Seg Fault when Compiling GPU Library

pbarc · September 17, 2019, 11:44pm

Hi Lammps Users,

I am trying to run LAMMPS (7 Aug 2019) with my GPU (NVIDIA Quadro P2000, 5GB), but am running into some issues compiling lib/gpu. I have nvcc version 10.1.243, but when I run nvidia-smi (see full output below) it says CUDA Version 10.2 (do you think this is a potential issue?).

In the lammps/src directory I try compiling the GPU library with
make lib-gpu args="-a sm_70 -b"

but get the following error.

mpicxx -DMPI_GERYON -DUCL_NO_EXIT -DMPICH_IGNORE_CXX_SEEK -DOMPI_SKIP_MPICXX=1 -fPIC -O2 -DLAMMPS_SMALLBIG -D_SINGLE_DOUBLE -I/usr/local/cuda/include -DUSE_CUDPP -Icudpp_mini -o lal_lj_sdk_long.o -c lal_lj_sdk_long.cpp -I./
Segmentation fault (core dumped)
Nvidia.makefile:166: recipe for target 'radixsort_app.cu_o' failed

I tried changing the architecture flag, but get similar errors.

I also tried making from the lammps/lib/gpu directory with
make -f Makefile.linux clean
make -f Makefile.linux

but I get a similar error

mpicxx -DMPI_GERYON -DUCL_NO_EXIT -DMPICH_IGNORE_CXX_SEEK -DOMPI_SKIP_MPICXX=1 -fPIC -O2 -DLAMMPS_SMALLBIG -D_SINGLE_DOUBLE -I/usr/local/cuda/include -DUSE_CUDPP -Icudpp_mini -o cudpp_plan_manager.o -c cudpp_mini/cudpp_plan_manager.cpp -Icudpp_mini
nvcc -I/usr/local/cuda/include -DUNIX -O3 --use_fast_math -DLAMMPS_SMALLBIG -Xcompiler -fPIC -Icudpp_mini -arch=sm_70 -D_SINGLE_DOUBLE -o radixsort_app.cu_o -c cudpp_mini/radixsort_app.cu
Segmentation fault (core dumped)
Nvidia.makefile:166: recipe for target 'radixsort_app.cu_o' failed
make: *** [radixsort_app.cu_o] Error 139

My CUDA_HOME=/usr/local/cuda. I have limited experience compiling with nvcc/GPU's, but I was able to successfully compile and run "Hello World!" examples with nvcc.

Any help would be greatly appreciated, as I am lost with how to fix this issue.

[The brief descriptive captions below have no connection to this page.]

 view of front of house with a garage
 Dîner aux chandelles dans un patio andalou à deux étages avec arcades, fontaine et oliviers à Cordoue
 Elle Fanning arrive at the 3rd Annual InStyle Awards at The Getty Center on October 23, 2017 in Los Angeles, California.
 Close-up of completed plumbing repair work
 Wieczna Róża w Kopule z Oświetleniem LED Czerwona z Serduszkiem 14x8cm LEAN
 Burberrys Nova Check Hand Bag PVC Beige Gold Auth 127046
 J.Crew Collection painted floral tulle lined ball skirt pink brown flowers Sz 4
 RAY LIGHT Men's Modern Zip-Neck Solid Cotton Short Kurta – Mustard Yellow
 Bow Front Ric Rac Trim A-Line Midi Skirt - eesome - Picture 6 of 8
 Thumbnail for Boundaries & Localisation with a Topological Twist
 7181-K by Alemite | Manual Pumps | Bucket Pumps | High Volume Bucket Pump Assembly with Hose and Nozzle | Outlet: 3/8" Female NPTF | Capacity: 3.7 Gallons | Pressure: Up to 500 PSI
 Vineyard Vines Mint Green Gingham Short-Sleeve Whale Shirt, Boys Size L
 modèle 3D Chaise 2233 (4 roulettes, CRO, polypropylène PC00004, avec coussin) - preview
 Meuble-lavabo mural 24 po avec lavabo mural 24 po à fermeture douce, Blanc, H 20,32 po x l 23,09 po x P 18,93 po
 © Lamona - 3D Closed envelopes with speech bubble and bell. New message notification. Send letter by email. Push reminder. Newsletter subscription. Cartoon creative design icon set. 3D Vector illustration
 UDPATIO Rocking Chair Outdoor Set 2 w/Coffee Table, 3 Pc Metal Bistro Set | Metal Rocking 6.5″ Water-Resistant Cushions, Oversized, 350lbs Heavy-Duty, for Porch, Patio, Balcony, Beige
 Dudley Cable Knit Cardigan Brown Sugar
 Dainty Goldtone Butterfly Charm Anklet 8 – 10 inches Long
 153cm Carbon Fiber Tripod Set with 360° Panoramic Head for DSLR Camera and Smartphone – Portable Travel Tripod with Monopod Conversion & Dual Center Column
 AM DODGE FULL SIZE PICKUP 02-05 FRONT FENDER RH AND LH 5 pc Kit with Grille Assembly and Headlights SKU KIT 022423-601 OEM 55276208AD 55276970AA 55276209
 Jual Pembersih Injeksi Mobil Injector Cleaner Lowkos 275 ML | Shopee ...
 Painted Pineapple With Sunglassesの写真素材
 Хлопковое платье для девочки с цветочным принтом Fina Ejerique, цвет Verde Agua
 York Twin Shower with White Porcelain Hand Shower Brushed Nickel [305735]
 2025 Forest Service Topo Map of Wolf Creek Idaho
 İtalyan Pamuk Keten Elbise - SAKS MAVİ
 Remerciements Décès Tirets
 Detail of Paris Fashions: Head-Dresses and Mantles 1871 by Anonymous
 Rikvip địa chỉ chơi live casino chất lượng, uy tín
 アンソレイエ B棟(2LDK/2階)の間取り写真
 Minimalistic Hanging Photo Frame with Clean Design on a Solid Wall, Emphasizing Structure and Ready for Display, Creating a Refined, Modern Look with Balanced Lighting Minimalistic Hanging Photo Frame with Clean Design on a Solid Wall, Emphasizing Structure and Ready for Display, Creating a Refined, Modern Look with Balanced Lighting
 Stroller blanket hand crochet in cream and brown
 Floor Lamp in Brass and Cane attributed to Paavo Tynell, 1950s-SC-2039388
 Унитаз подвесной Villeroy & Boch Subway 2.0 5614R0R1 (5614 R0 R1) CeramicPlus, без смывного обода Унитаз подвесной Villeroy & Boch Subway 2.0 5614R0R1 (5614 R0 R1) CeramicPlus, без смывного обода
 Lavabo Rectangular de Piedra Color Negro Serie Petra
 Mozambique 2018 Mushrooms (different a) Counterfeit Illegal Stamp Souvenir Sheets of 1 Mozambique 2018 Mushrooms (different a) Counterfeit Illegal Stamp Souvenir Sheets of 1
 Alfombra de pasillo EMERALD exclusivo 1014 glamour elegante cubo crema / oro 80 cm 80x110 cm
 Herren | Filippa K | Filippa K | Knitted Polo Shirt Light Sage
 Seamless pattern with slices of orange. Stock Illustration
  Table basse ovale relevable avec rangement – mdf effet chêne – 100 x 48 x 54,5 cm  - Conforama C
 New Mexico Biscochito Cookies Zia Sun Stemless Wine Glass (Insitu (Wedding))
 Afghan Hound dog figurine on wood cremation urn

Thanks for your help, and please let me know if I should provide more info.

Best,
Paul Barclay

nvidia-smi

pbarc · September 17, 2019, 11:49pm

I forgot to include my OS info. It's Ubuntu 18.04.3

akohlmey · September 18, 2019, 12:35pm

Hi Lammps Users,

I am trying to run LAMMPS (7 Aug 2019) with my GPU (NVIDIA Quadro P2000,
5GB), but am running into some issues compiling lib/gpu. I have nvcc
version 10.1.243, but when I run nvidia-smi (see full output below) it
says CUDA Version 10.2 (do you think this is a potential issue?).

difficult to say from remote.

In the lammps/src directory I try compiling the GPU library with
make lib-gpu args="-a sm_70 -b"

but get the following error.

mpicxx -DMPI_GERYON -DUCL_NO_EXIT -DMPICH_IGNORE_CXX_SEEK
-DOMPI_SKIP_MPICXX=1 -fPIC -O2 -DLAMMPS_SMALLBIG -D_SINGLE_DOUBLE
-I/usr/local/cuda/include -DUSE_CUDPP -Icudpp_mini -o lal_lj_sdk_long.o
-c lal_lj_sdk_long.cpp -I./
Segmentation fault (core dumped)
Nvidia.makefile:166: recipe for target ‘radixsort_app.cu_o’ failed

I tried changing the architecture flag, but get similar errors.

a compiler should not terminate on a segmentation fault. this is a local problem and not a LAMMPS problem.
possible reasons for the segfault are:

incorrect/inconsistent software installation
hardware issues (bad RAM, bad cooling, bad CPU, corrupted disk)
local settings (e.g. too small stack size)
broken/incompatible software

I also tried making from the lammps/lib/gpu directory with
make -f Makefile.linux clean
make -f Makefile.linux

but I get a similar error

that is just calling the same commands. so no surprise you get the same error.

you should first try if you can compile/run some of the CUDA demo examples, e.g. the manybody demo. if this already fails, then you need to check your installation and or hardware.
similarly, you should try, if you can compile LAMMPS without GPU support (‘make serial’ with no packages installed should work on any Linux machine with a working GNU C++ compiler installation, similarly ‘make mpi’ should work with any properly done MPI library installation).

if everything works, you could try modifying lib/gpu/Makefile.linux by setting

CUDPP_OPT =

axel.

pbarc · September 18, 2019, 2:11pm

Thanks for your advise Axel.

I will try to compile some cuda examples that you mentioned, and see if I get a similar errors.

Best,
Paul

Bruce_Fan · September 18, 2019, 2:45pm

I would like to remind that (although this is not the reason for the compiling errors) with a Quadro P2000 GPU, which is of compute capability 6.1, the compiled code will not run if you compile with the -arch=sm_70 flag for nvcc. You can change it to sm_60 or sm_61.

Bruce